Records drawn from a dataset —

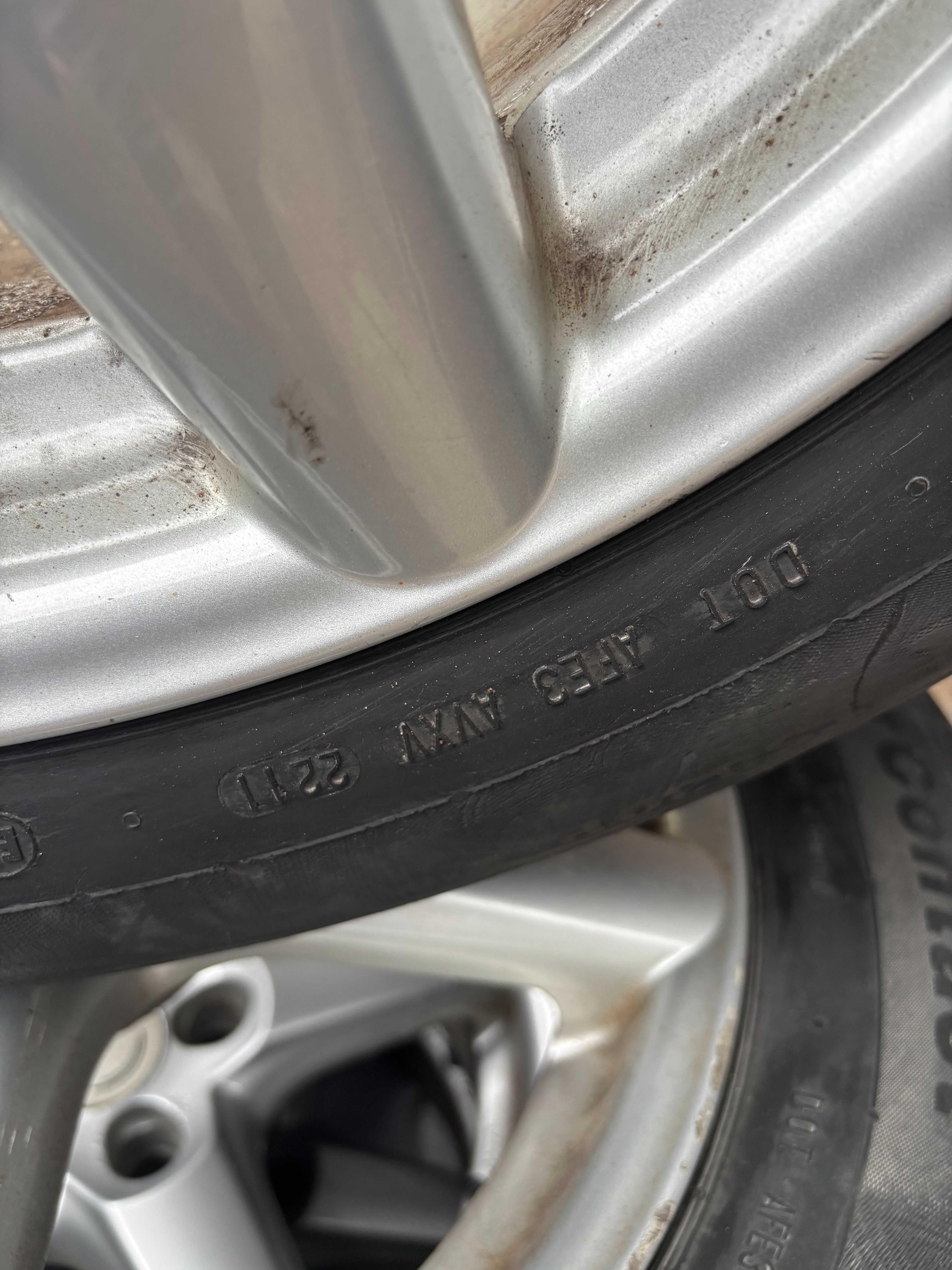 Продавам зимни гуми с джанти 17 цола 5x114.3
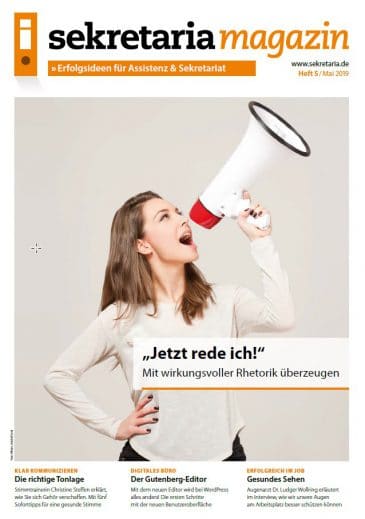 sekretaria Magazin Ausgabe Mai 2019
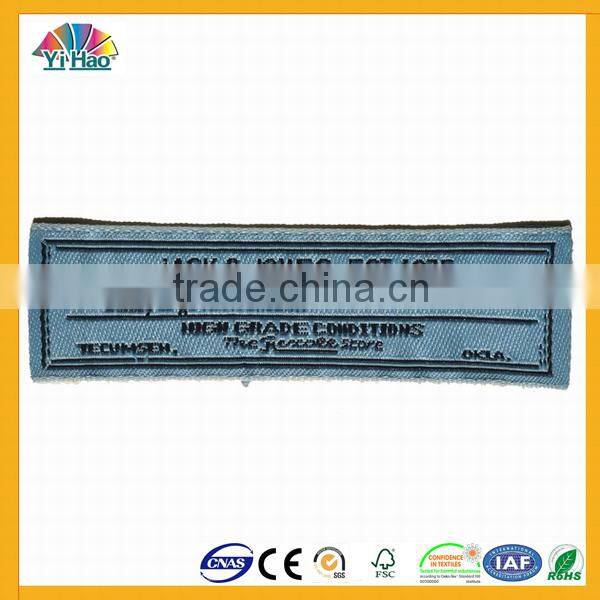 heat cut woven label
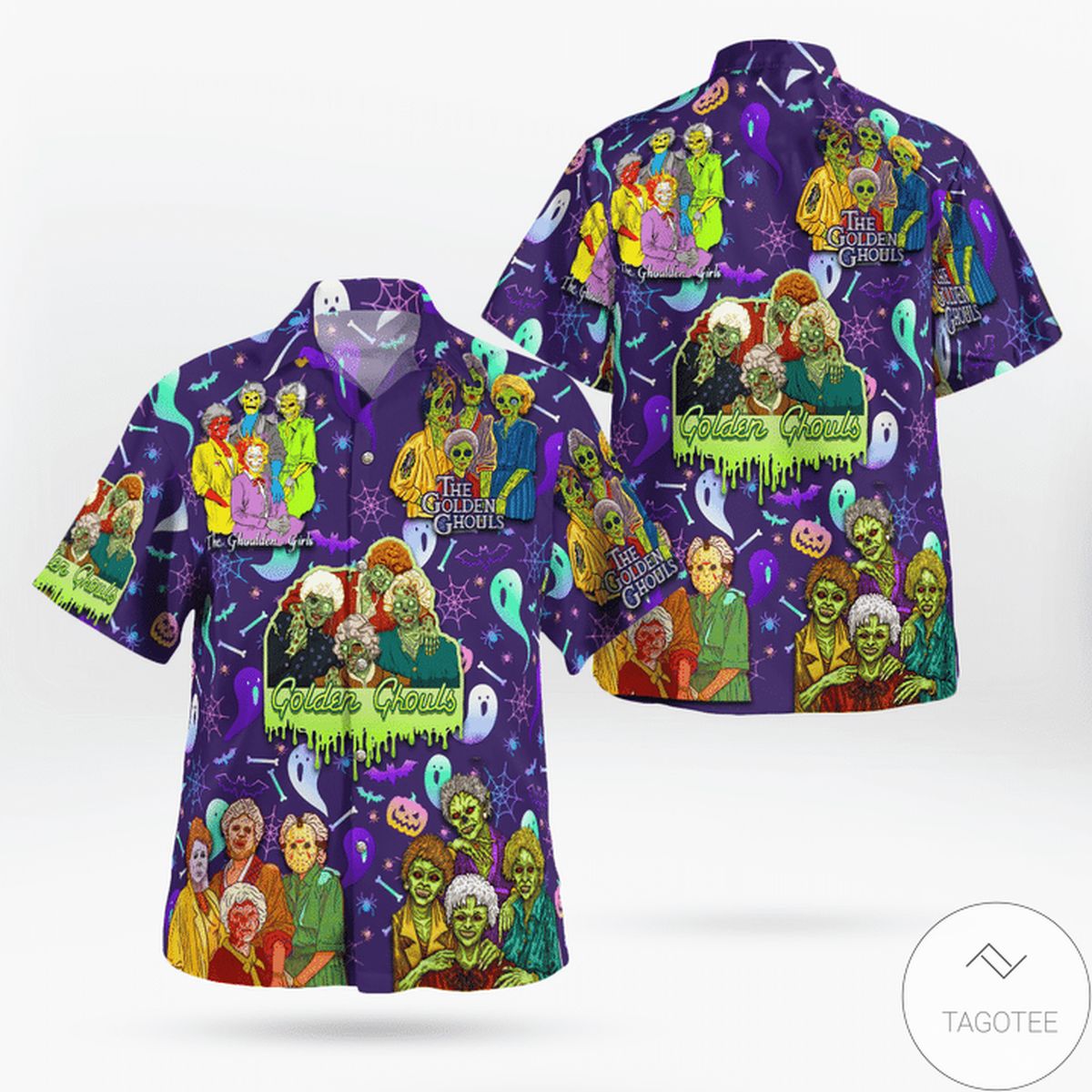The Golden Ghouls Hawaiian Shirt The Golden Ghouls Hawaiian Shirt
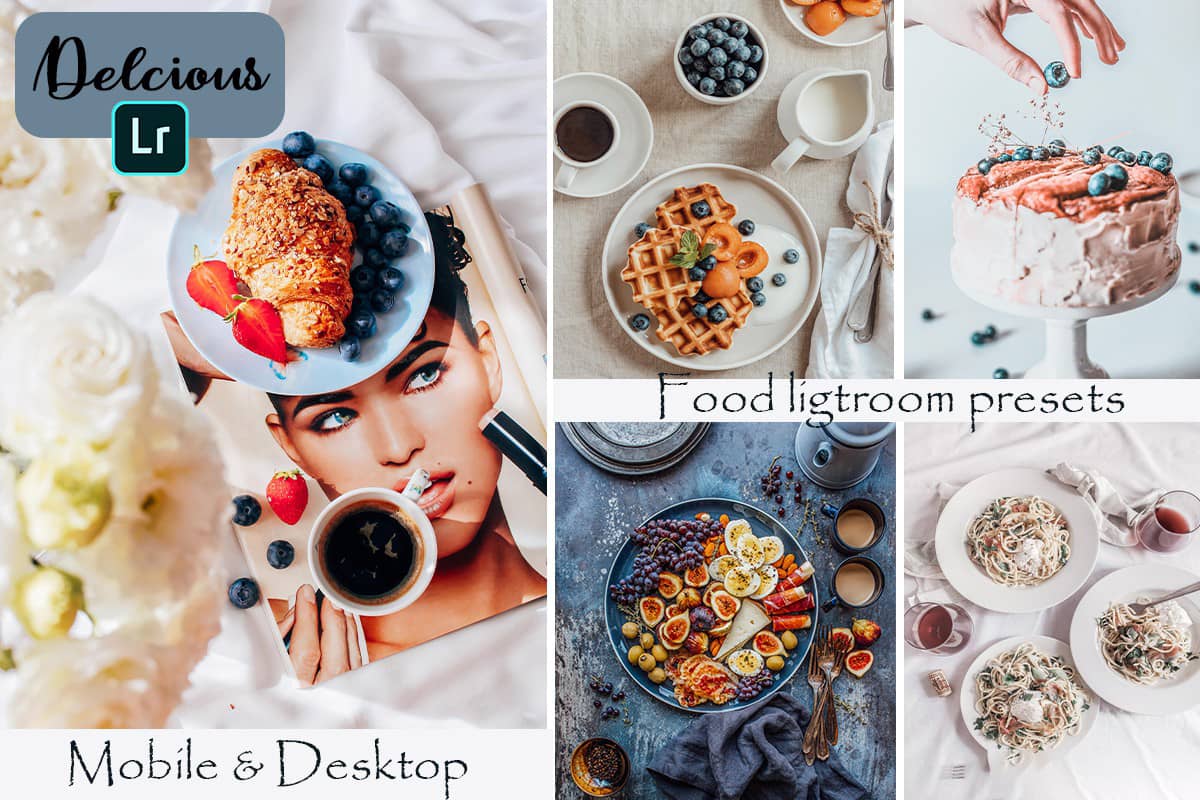 Instagram博客美食食谱摄影Lightroom预设Food Blogger Lightroom Presets
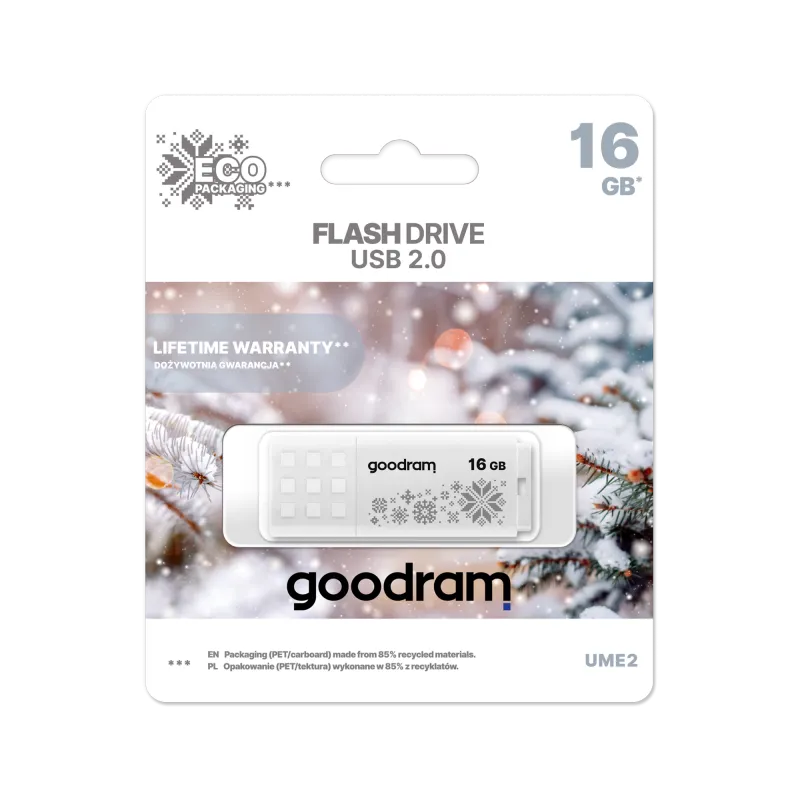 Pendrive Goodram USB 2.0 16GB edycja zimowa Pendrive Goodram USB 2.0 16GB edycja zimowa
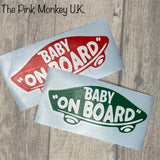 ‘Baby on Board’ for vans & cars skateboard logo vinyl sticker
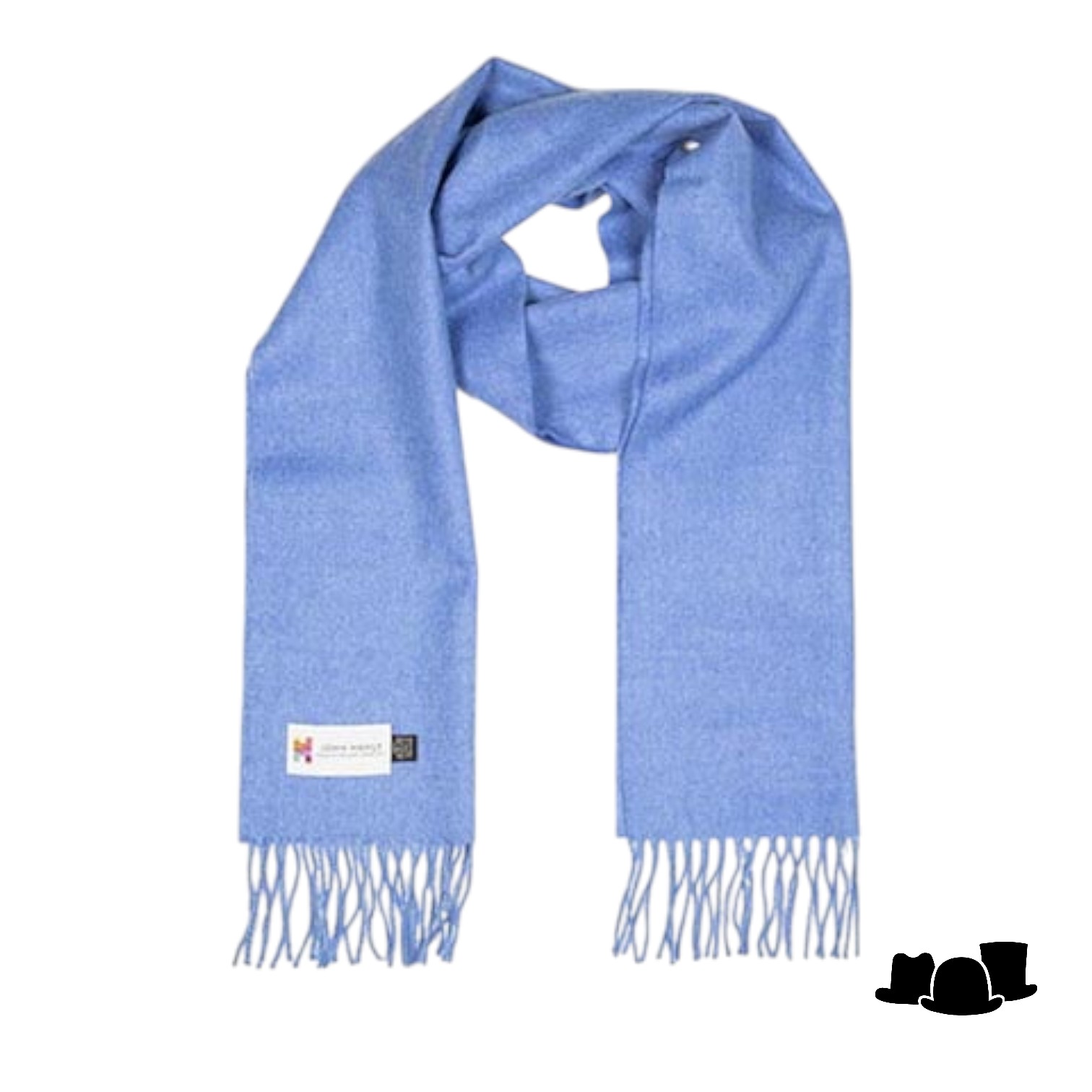 john hanly merino luxury wool scarf lapis blue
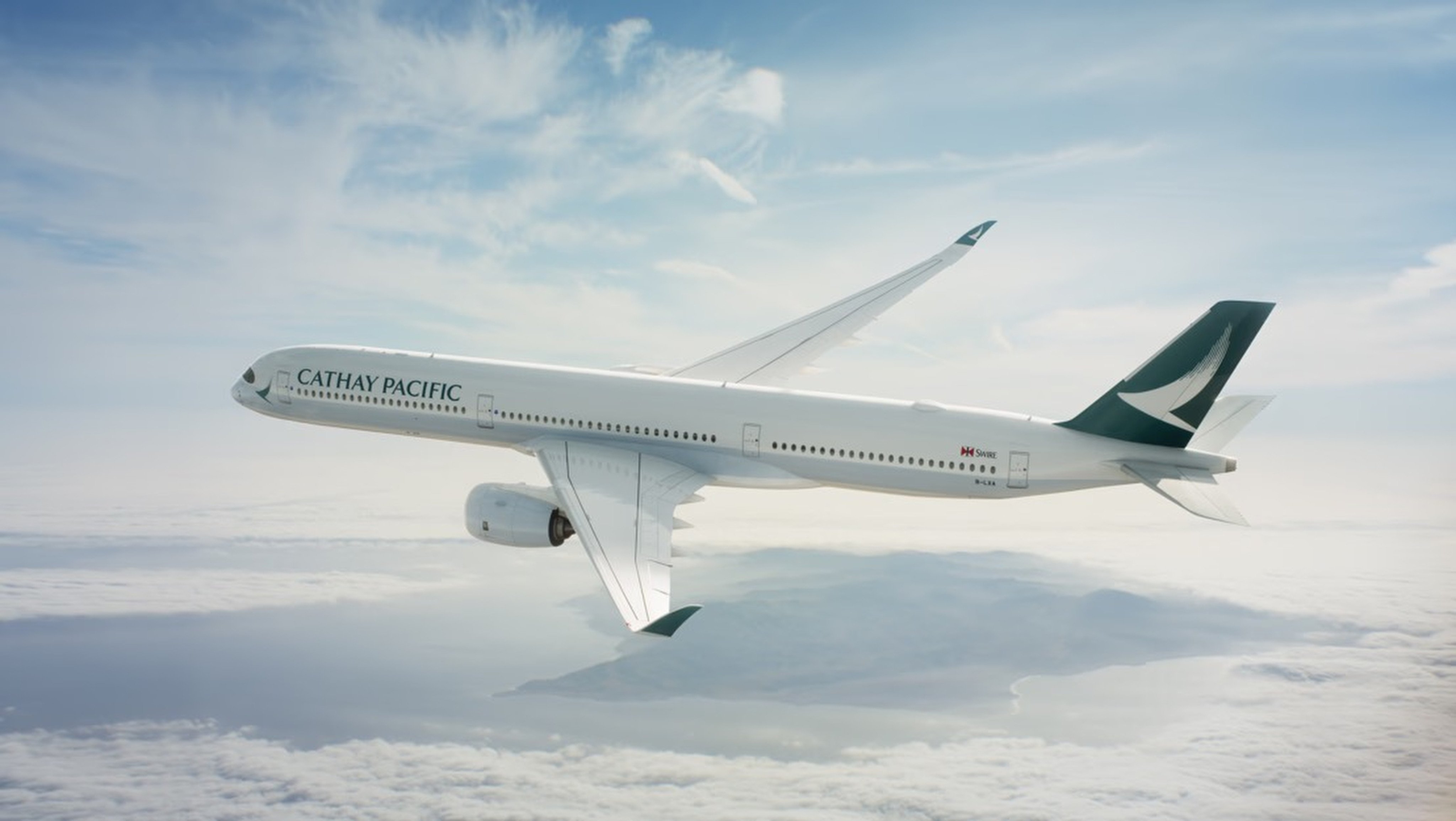A Cathay A350-1000. A flight was intercepted by Hungarian fighter jets over the weekend. Photo: Handout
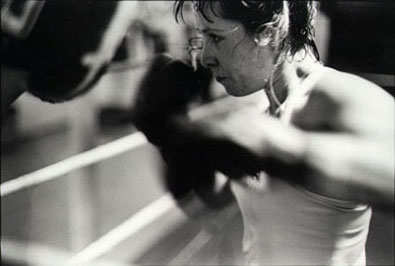 woman boxer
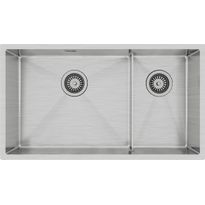 Keittiöallas Lavabo Kubus 780 Soft Slim, 780x440 mm, ruostumaton teräs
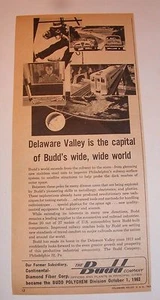 Budd Polychem 1963 Diamond Fiber Corp. anuncio - Imagen 1 de 1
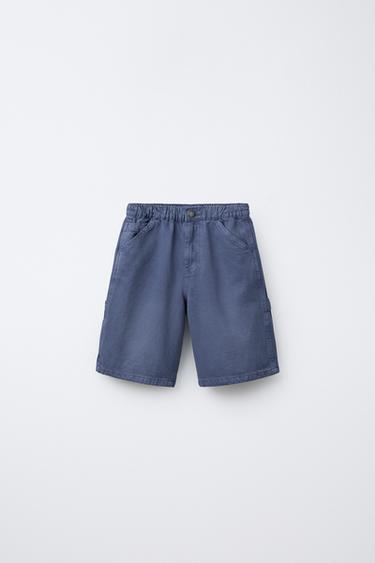 WORKER BERMUDA SHORTS - Blue by Zara - Image 0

AIM OF THE TASK — With the pictures left out, please output each line from the one containing "john hanly merino" through the end of the entries, exactly as it is.

ANSWER TO THIS TASK —
 john hanly merino luxury wool scarf lapis blue
A Cathay A350-1000. A flight was intercepted by Hungarian fighter jets over the weekend. Photo: Handout
 woman boxer
 Keittiöallas Lavabo Kubus 780 Soft Slim, 780x440 mm, ruostumaton teräs
 Budd Polychem 1963 Diamond Fiber Corp. anuncio - Imagen 1 de 1
 WORKER BERMUDA SHORTS - Blue by Zara - Image 0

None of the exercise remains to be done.